The answer to avoiding deadbeat mentors is for all of us to be a little bit more honest with ourselves.
4. Keep it on the down low
It is a quality you should have learned in kindergarten, although the ability of some adults to keep a secret is about as reliable as colluding with a five year old on a surprise. But for mentors and mentees alike, respect for confidentiality was high on the list of qualities that a mentor should possess. I am not getting into the Rules of Professional Conduct here because I don’t remember them and I always hoped they would naturally align with my common sense so I didn’t have to remember them. But as far as popular opinion among mentors goes, it seems a mentor’s first duty is to the mentee with respect to any confidential information they reveal to you.

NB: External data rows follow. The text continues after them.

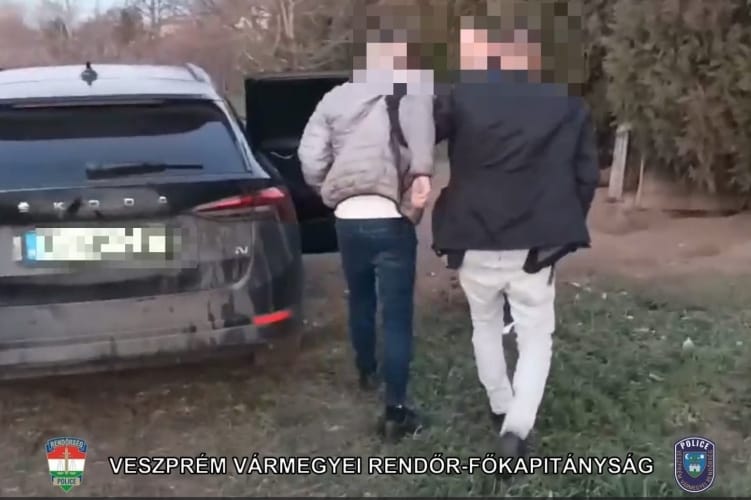 Hamisított belépőjegyekkel csaló párt fogott el a rendőrség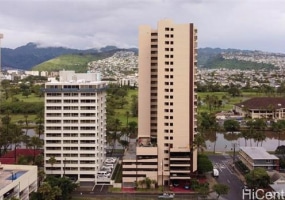 320 Liliuokalani Avenue,Honolulu,Hawaii,96815,2 Bedrooms Bedrooms,1 BathroomBathrooms,Condo/Townhouse,Liliuokalani,9,17436146
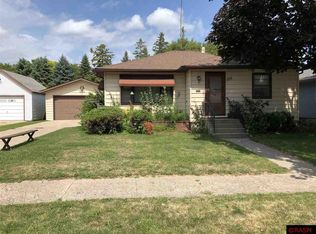 215 1st St NW, Madelia, MN 56062
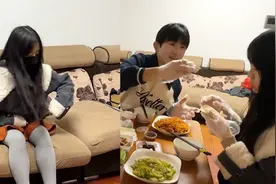 00后母胎单身小伙恋上90后农村女孩！男方母亲不反对，网友羡慕了视频封面
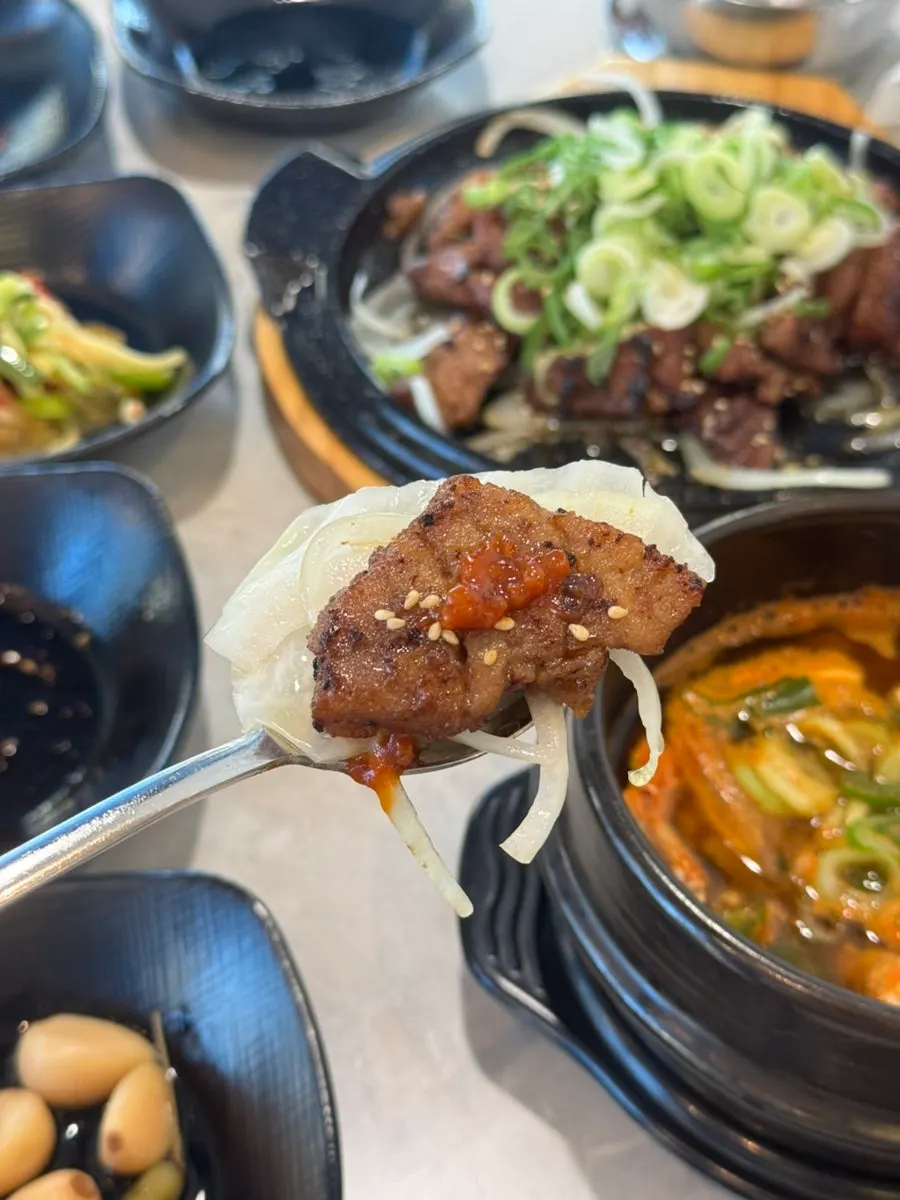 양배추절임과 상추로 싼 석갈비 쌈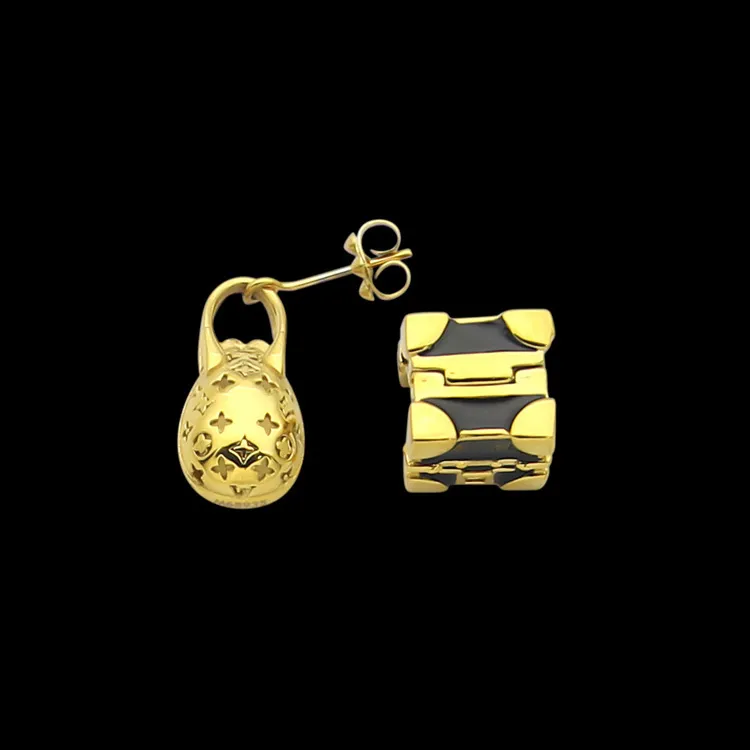 New designed V-letter Dinosaur Egg Gift Box Black Enamel Earrings asymmetrical women's earring hoops Designer Jewelry E10130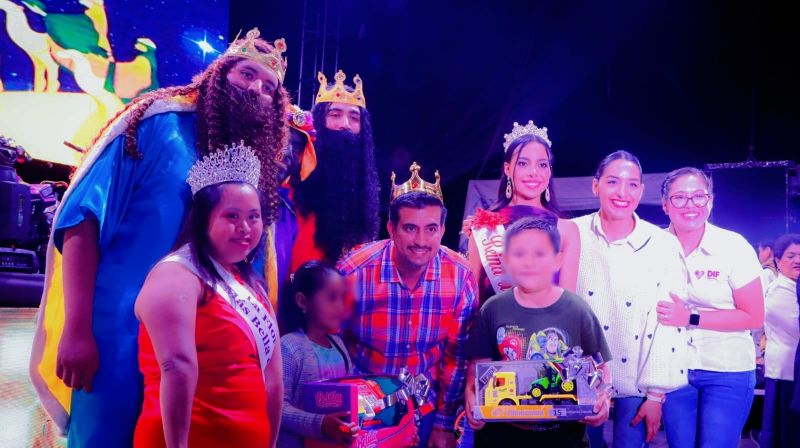 DIVERSIÓN FAMILIAR EN EXITOSO FESTIVAL DE DIA DE REYES EN HUEJUTLA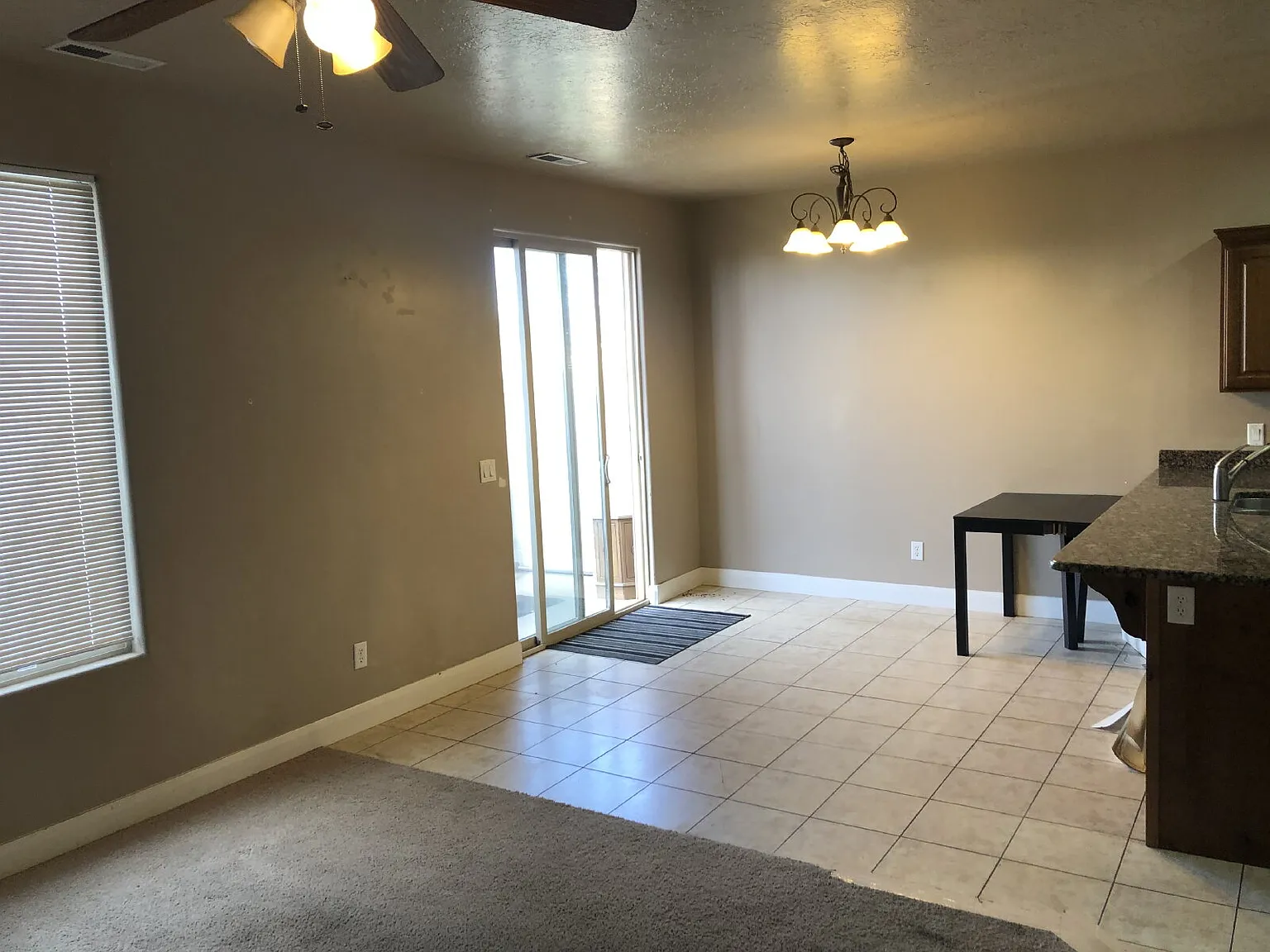 3 bed, 2.5 bath, 1551 sqft, $1,675 — Photo 2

In many cases, where the information only relates to the mentee’s personal life, strict confidentiality is easy to uphold beyond your inclination to gossip. This obviously becomes a more difficult prospect when a mentee reveals something that might affect the quality of their work or their overall ability to perform. But short of direct assaults to the client’s interests, a mentor’s first duty should be to their mentee.
Other situations won’t be as straightforward. For instance, consider the scenario where your mentee is heavily involved with a file and tells you they will be giving notice but asks you to keep it quiet until they finalize an offer. Although this may take some covert maneuvering to protect the client, the consensus among mentors was that they should still respect the mentee’s request for confidentiality. To be honest, I don’t know whether this kind of integrity holds up the midst of a stressful deal. Mentees should therefore consider whether they are placing their mentor in an uncomfortable situation by sharing certain information. Indeed, some things are better left to fester in the nooks of your own guilty conscience.

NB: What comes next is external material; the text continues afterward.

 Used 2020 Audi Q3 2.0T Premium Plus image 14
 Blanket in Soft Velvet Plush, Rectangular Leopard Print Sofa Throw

5. Open it, and they will come?
Having an open-door policy is the daily practice of being approachable. Though it might seem obvious, some mentors need to be reminded that it starts with actually keeping your door open. Sure, we all need private, closed-door moments, but keeping your door barely ajar most days does not scream, “I’m here for you.”
Beyond open doors, many of the mentors I spoke with considered it their duty in the first few months or even years of mentorship to be the proactive one. One mentor explained he would stop by his mentee’s office on a regular basis, building the comfort level necessary for his mentee to also make casual visits. Another mentor said he made it a point to take his mentee out for a quick coffee a few times a week. He found they were easier to maintain and more effective than long lunches that can get cancelled and tend to take on a more formal tone.
The more frequent, unplanned, and informal interactions were favoured among mentors and mentees who found they allowed for more frequent updates and a way to relieve the mentee of feeling like they are taking up too much of the mentor’s time. To be clear, though, I’m pretty sure that elaborate lunches are still appreciated.